Dopo 125 anni Tokio registra la più alta partecipazione di atlete e questo riscatta in qualche modo, l’impresa di Stamàta Revithi la maratoneta bloccata all’ingresso dello stadio olimpico durante i Giochi di Atene del 1896 per avere sfidato il divieto di partecipazione. Senza ombra di dubbio, e da donna ne vado fiera, la presenza di 186 atlete nella squadra olimpica da l’esatta dimensione della realtà sportiva che stiamo vivendo ed è una bella realtà.!

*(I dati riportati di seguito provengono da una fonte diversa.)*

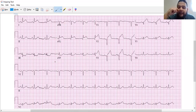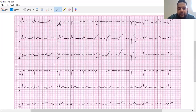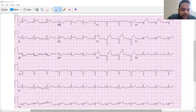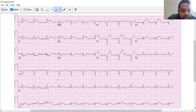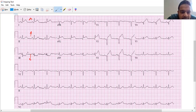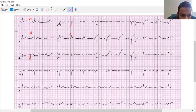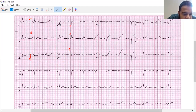So as we discussed in the previous video, the first step for the isoelectric method is to see which lead has equal positive and negative deflection. So lead one is mostly positive, lead two is mostly positive, lead three is mostly negative. AVR is mostly negative, AVL is mostly positive, and AVF is mostly positive as well. So I think I'm going to go with three as my isoelectric lead.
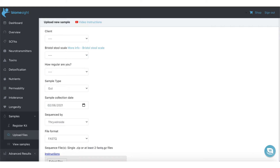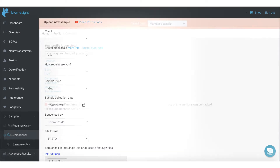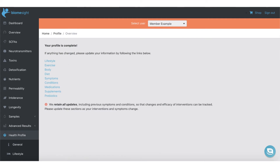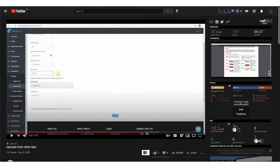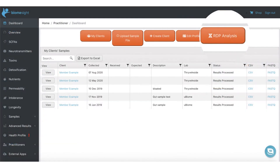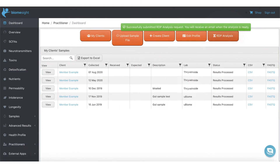We support the processing of 16S rRNA sequence samples for regions V3, V4, or V3-V4. This process will take around 10 minutes to complete. Furthermore, you can request an additional analysis using the RDP analysis pipeline. RDP gives you an alternative analysis using a different sequence database.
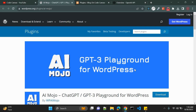Hi there, welcome back to my channel. Today we are going to dive into one exciting topic that I've been eager to share with you. Before we jump in, if you are new here, don't forget to hit that subscribe button. In this video we are going to see a WordPress plugin named AI Mojo.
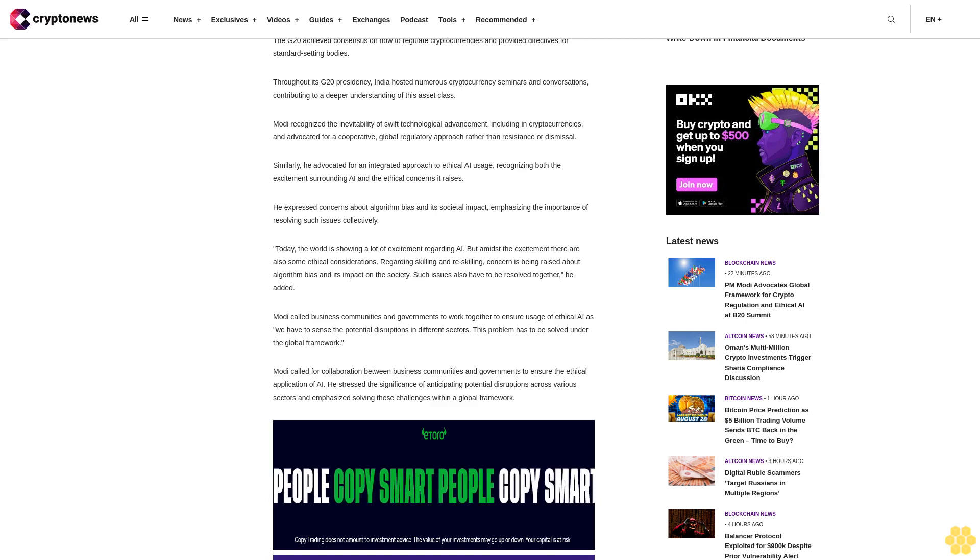"Today, the world is showing a lot of excitement regarding AI. But amidst the excitement there are also some ethical considerations. Regarding scaling, skilling and re-skilling, concern is being raised about algorithm bias and its impact on the society. Such issues also have to be resolved together," he added.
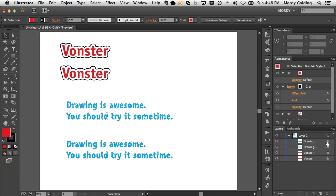And there you go, multiple ways from the more difficult ones to the quick and dirty ones on how to quickly apply and move appearances from one text object to another inside of Illustrator.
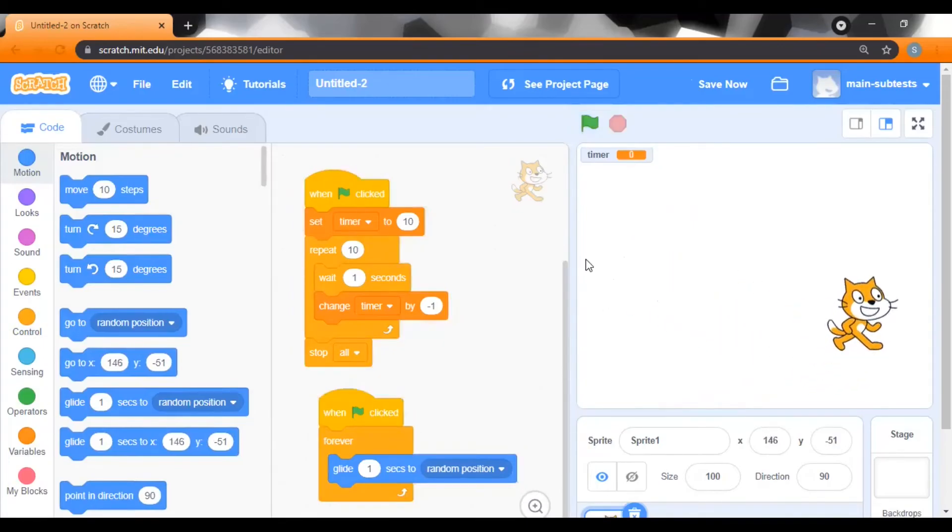OK, here we go. Our sprite has stopped gliding. Great. See y'all again guys.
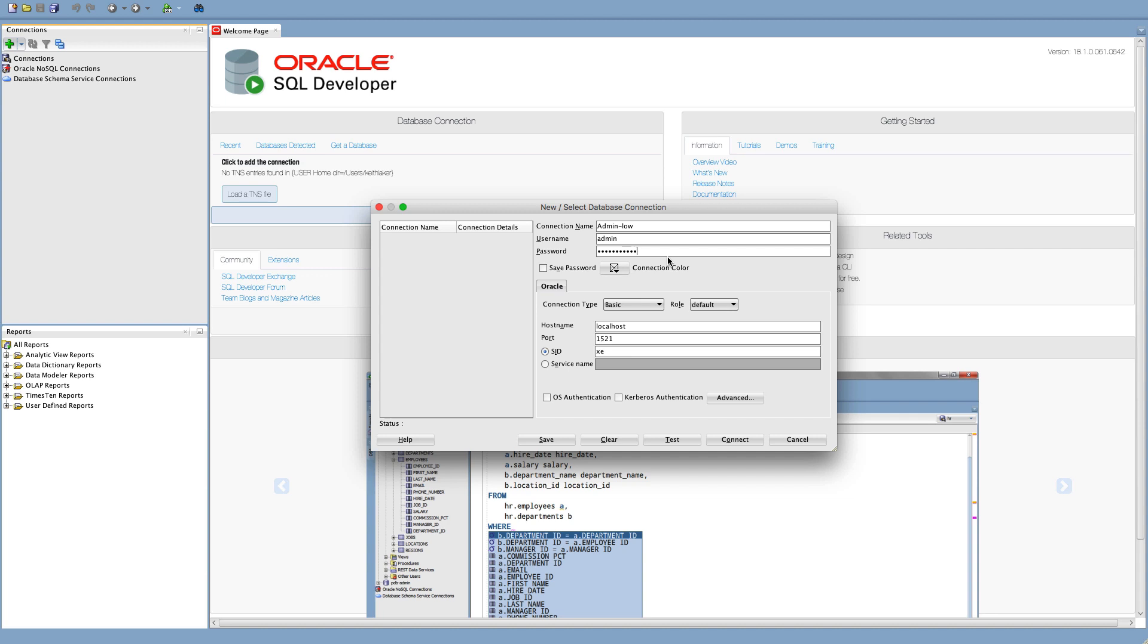And now we need to reuse that username password that we set up when we created our instance. Okay, so I'm just going to click save that password so I don't have to keep entering it every single time. Now the connection type, we need to click on that, and we're going to select Cloud PDB. So click that, and you'll see this changes now.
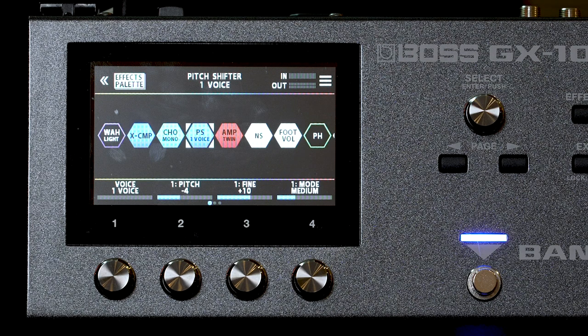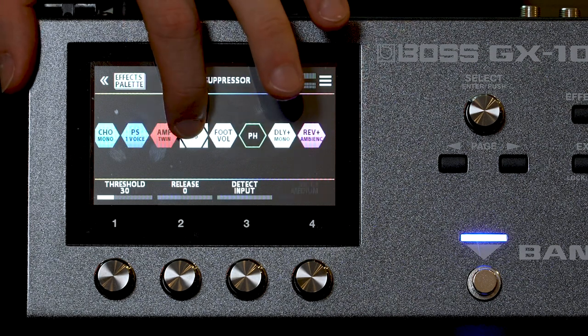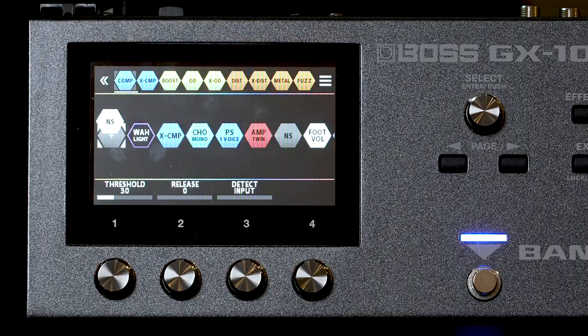To move blocks around, all you need to do is drag and drop them wherever you want in the signal chain.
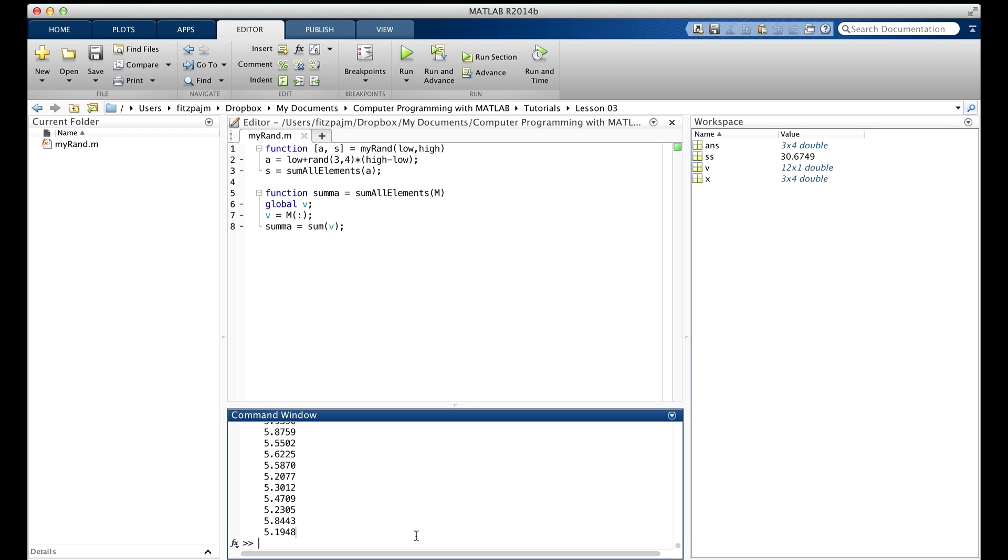Okay, now you know how to make global variables. But the next thing I'm going to tell you is very important. Don't use them. Global variables can cause errors that are very difficult to diagnose. Because one function can change the values inside another function, like a ghost moving the furniture around. And you can't know which function did it.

A Tokio, non lo dimentichiamo, ci siamo presentati con 384 atleti, la più numerosa di sempre, al pari dell‘Inghilterra ‘Olanda, Germania e Francia, non certo quanto i padroni di casa o quella americana o cinese. e questo ci sta! Eppure le emozioni forti non sono mancate: la medaglia d’oro di Vito Dell’Aquila nel taekwando, sport inserito da quest’anno nel programma olimpico, è stata un biglietto da visita importante, così come quella conquistata da Massimo Stano e Antonella Palmisano nella 20km di marcia, il doppio argento di Luigi Samele nella sciabola,
Bellissimo il bronzo nel Judo di Maria Centracchio, lo straordinario argento conquistato a 34 anni da Giorgia Bordignon nel sollevamento pesi, il terzo posto di Vanessa Ferrari e delle Farfalle azzurre. Potrei continuare, la lista sarebbe lunga ma nessuno è escluso dalla nostra gratitudine.
Gli occhi lucidi e la mano sul petto raccontano anni di fatica, amarezze, rinunce, sacrifici fatti per raggiungere anche il più piccolo obiettivo. Tante le storie a lieto fine e quelle che hanno quasi gridato al miracolo come l’argento negli 800 stile libero, e quello di bronzo in vasca libera di Gregorio Paltrinieri colpito un mese prima dei giochi dalla mononucleosi, l’appassionato addio all’agonismo di Federica Pellegrini, fino all’abbraccio commovente di Gimbo Tamberi e Marcel Jacobs. e lo splendido oro della staffetta 4×100 con un Filippo Tortu da brividi.
Non c’è molto da dire, ad un certo punto, il mondo è stato costretto a guardarci e applaudirci. In un nano secondo abbiamo polverizzato certezze e secondi, saliti oltre l’asticella, smontato ataviche convinzioni, e su quel podio stregato ci siamo saliti noi, abbiamo cantato tutti l’inno nazionale ed è stata una bella sensazione!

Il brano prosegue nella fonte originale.